RECORDS TO USE
● ● ● ●
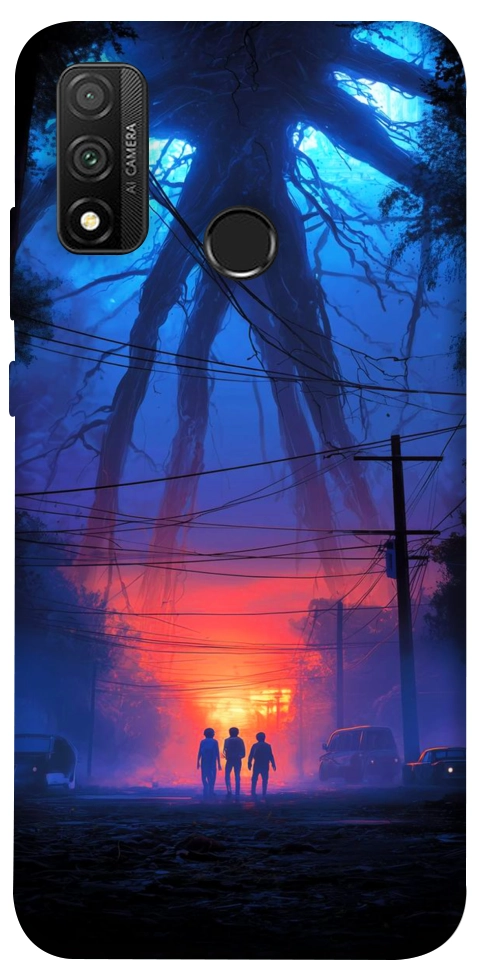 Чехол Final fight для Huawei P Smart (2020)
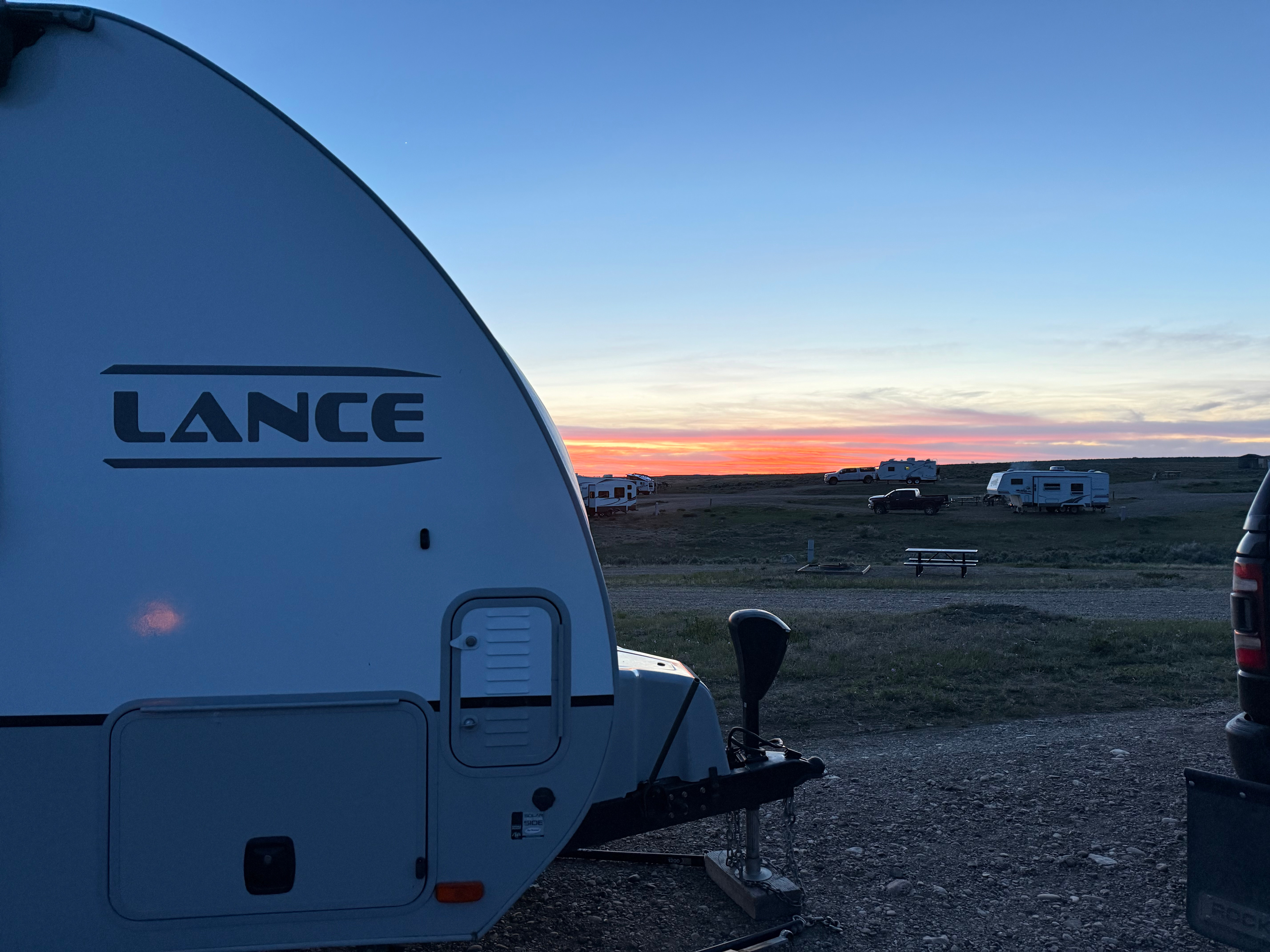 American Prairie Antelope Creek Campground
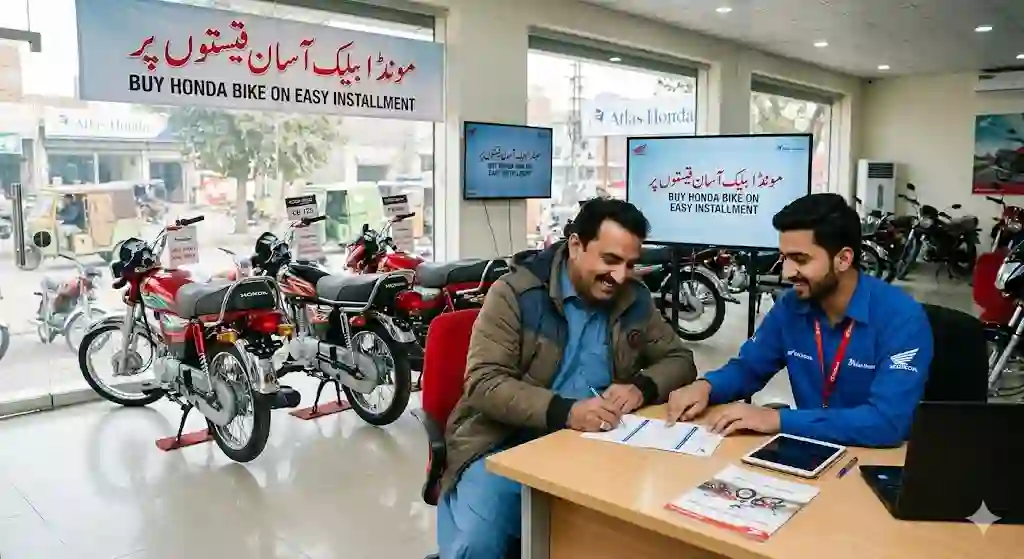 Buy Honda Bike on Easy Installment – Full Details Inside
● ● ● ●
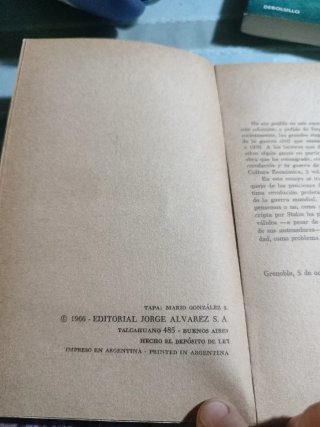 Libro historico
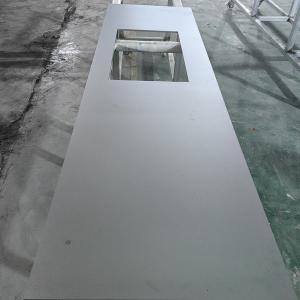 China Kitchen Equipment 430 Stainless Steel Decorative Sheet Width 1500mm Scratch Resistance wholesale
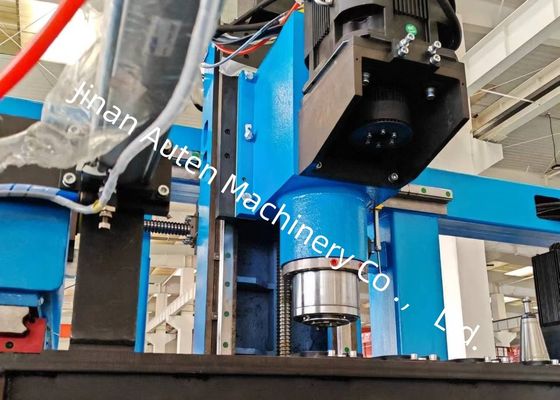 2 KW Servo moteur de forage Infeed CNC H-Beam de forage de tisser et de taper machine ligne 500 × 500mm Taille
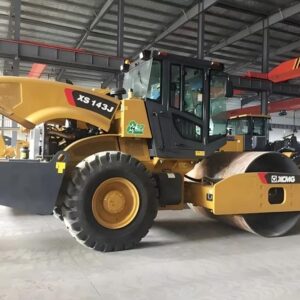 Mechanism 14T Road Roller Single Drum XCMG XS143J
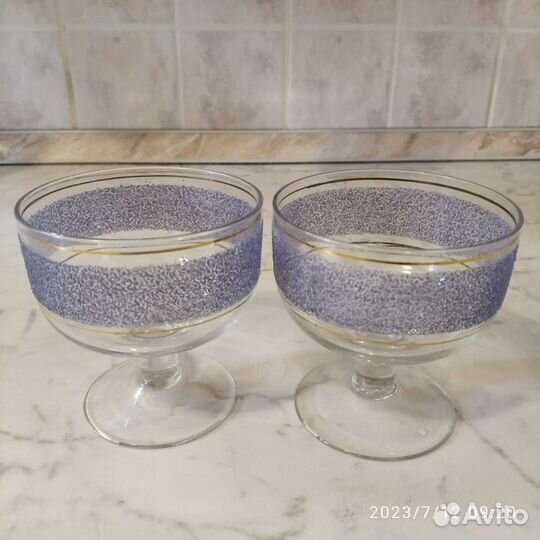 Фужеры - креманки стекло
● ● ● ●
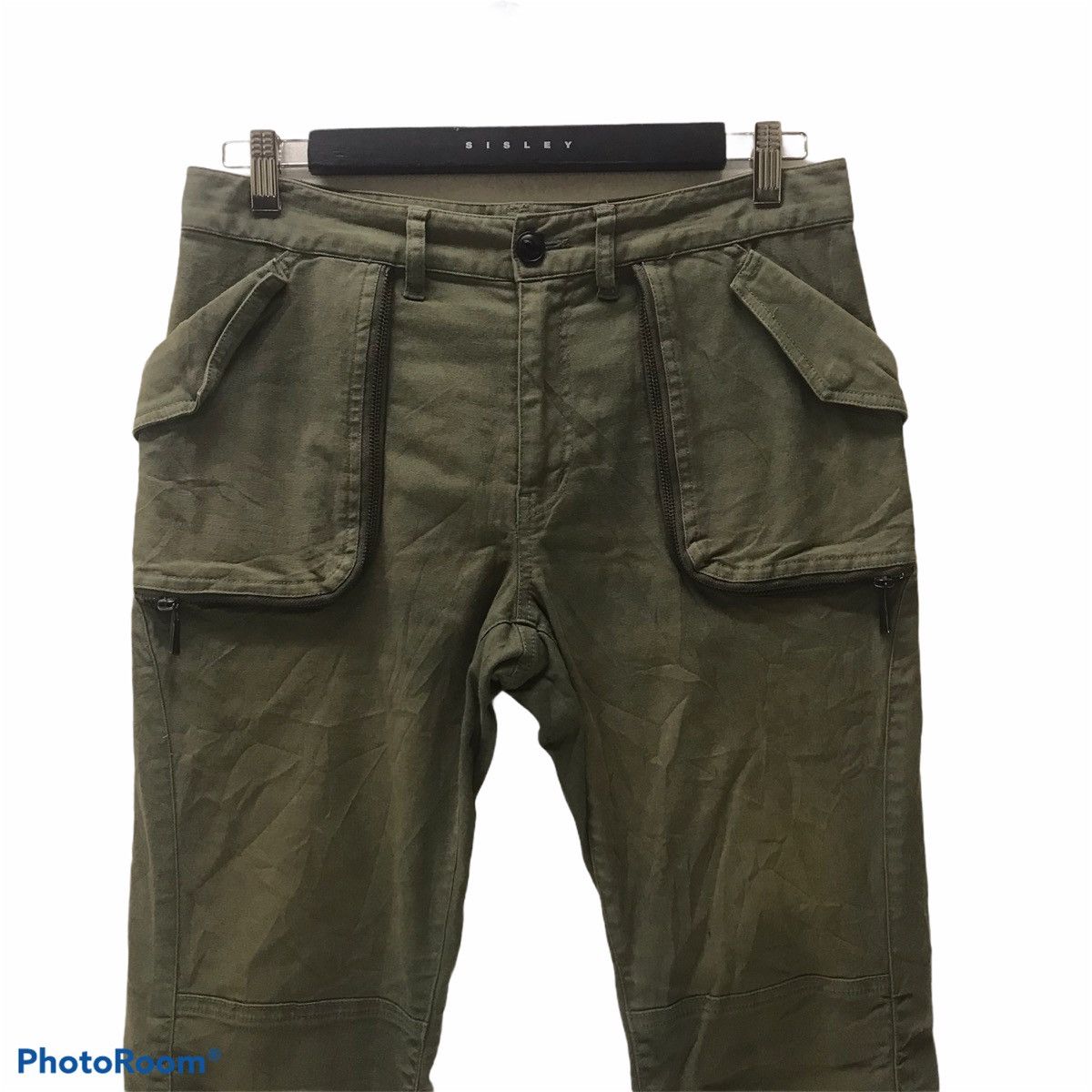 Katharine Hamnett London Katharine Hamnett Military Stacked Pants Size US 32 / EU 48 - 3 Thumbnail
● ● ● ●
YOUR INSTRUCTIONS
Take the material above from the line bearing "2 KW Servo moteur" through the line bearing "Фужеры - креманки стекло" and write it out exactly, both end lines included. Pictures stay out.

SOLUTION TO THE EXERCISE
 2 KW Servo moteur de forage Infeed CNC H-Beam de forage de tisser et de taper machine ligne 500 × 500mm Taille
 Mechanism 14T Road Roller Single Drum XCMG XS143J
 Фужеры - креманки стекло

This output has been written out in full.